The last unforgivable crime mentioned in the previous section was erroneously characterized by the catchphrase of “burning of the books and the burial of the Confucians” (fenshu kengru 焚書坑儒).9 The Historian’s Records 史記 encapsulates the effect of this Qin scholarly proscription against classical scholarship succinctly: “Then followed the twilight days of the Qin emperor, who burned the Odes [Poems] and Documents and buried the scholars alive, and from this time on the texts of the Six Classics of the Confucians were defective” 及至秦之 季世,焚詩書,阬術士,六藝從此缺焉.10 Another short epitome includes the Qin’s unforgivable abandonment of the canonical rites: “Formerly, the Qin severed the way of the sages, killed the scholars of technical arts, burned the Poems and Documents, abandoned the rites and their performance,11 stressed deceit and force, employed penalties and punishments, and transferred grain from the coastal areas to Xihe” 昔秦絕聖人之道,殺術士,燔詩書,棄禮義,尚詐力,任刑罰,轉負海之粟致之西河.12 Ban Gu took these twin evils as metaphor for the intellectual life of the entire period: “The decline reached violent Qin, which burned the classical works, murdered Confucian scholars, devised the law that proscribed the works, punished the crime of affirming antiquity [to negate the present], and from all of this arts of the Way subsequently became extinguished.” 陵夷至于暴秦,燔經書,殺儒士,設挾書之法,行是古之罪,道術由是遂滅。13
The terminology employed concerning the victims in both passages was “scholars of technical arts” (shushi 術 士), magicians and wonder-working thaumaturges, not Confucians. At the time, Confucians were scarcely distinguishable from shushi.14 Nicolas Zufferey describes the tragedy as a single event, the single occurrence of “burying of the ‘scholars and esoteric experts’ [wenxue fangshushi 文學方術士]” in 212 BC, and properly notes that it was not even necessarily directed toward the Confucians but rather those scholars or experts concerned with the techniques of immortality, referred to as fangshi 方 士.15 Yet Historian’s Records elsewhere describes those who were buried as “all who chanted Confucius’ works and imitated him” 皆誦法孔子.16 Zuffrey’s explanation of this discrepancy is not entirely satisfactory unless we concede the macaronic mix of different strains in early Han Confucianism. Nevertheless, this one-time tragedy was co-opted by later Confucians to underscore the evils wreaked on their intellectual ancestors by the hated Qin regime.
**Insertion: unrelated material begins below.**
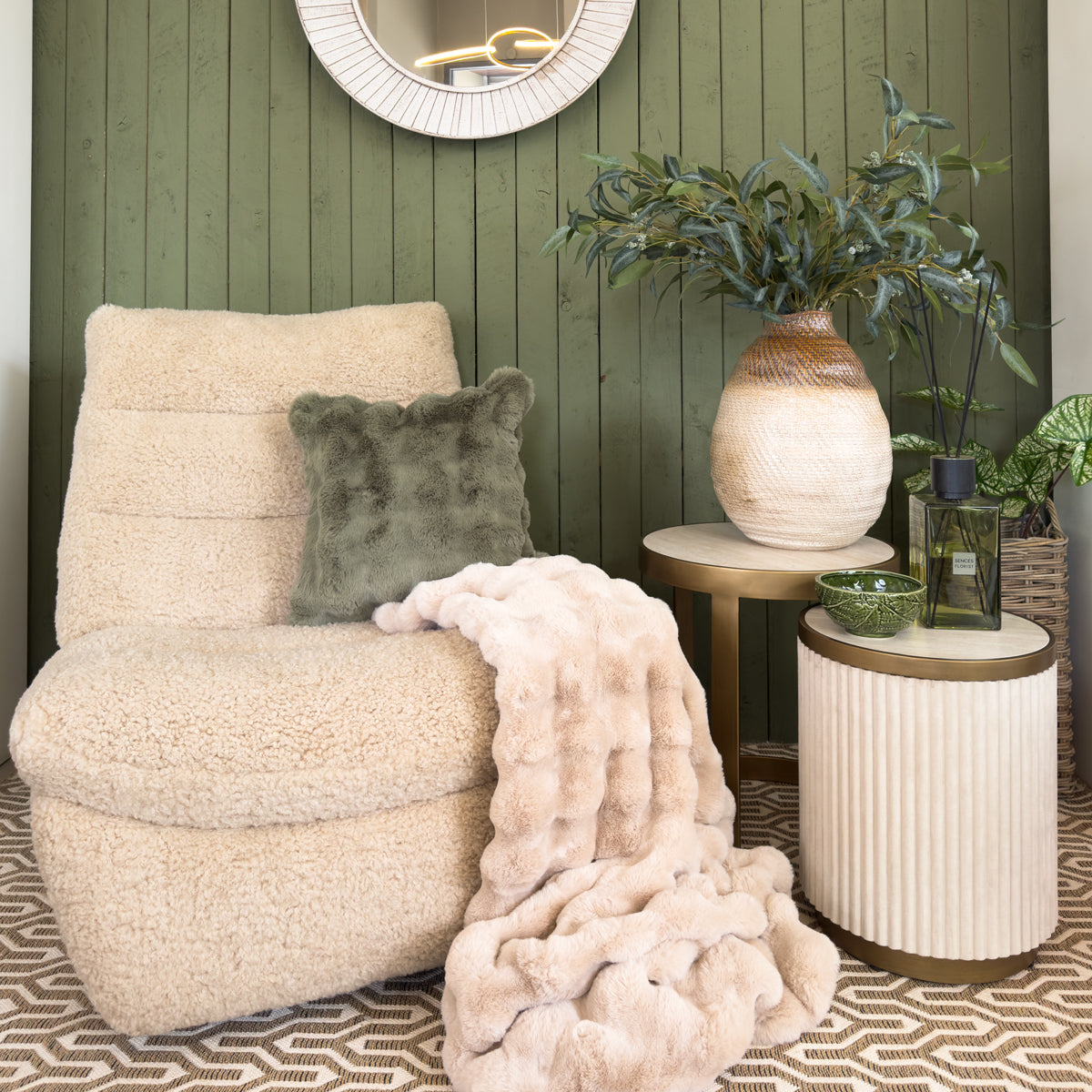 Luxe Beige Faux Sheepskin Recliner Chair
Therefore, according to the traditional mindset, the Qin targeted Confucian classicists, and this baleful policy became the intellectual backdrop to the development of classical scholarship.
This pogrom against the old learning and selected scholars was set in motion by Chancellor Li Si 李斯 (ca. 280–208 BC) in a memorial delivered to the throne in 213 BC:
The Chancellor, Your Subject, risks his life to say that formerly the world was divided and in disorder,...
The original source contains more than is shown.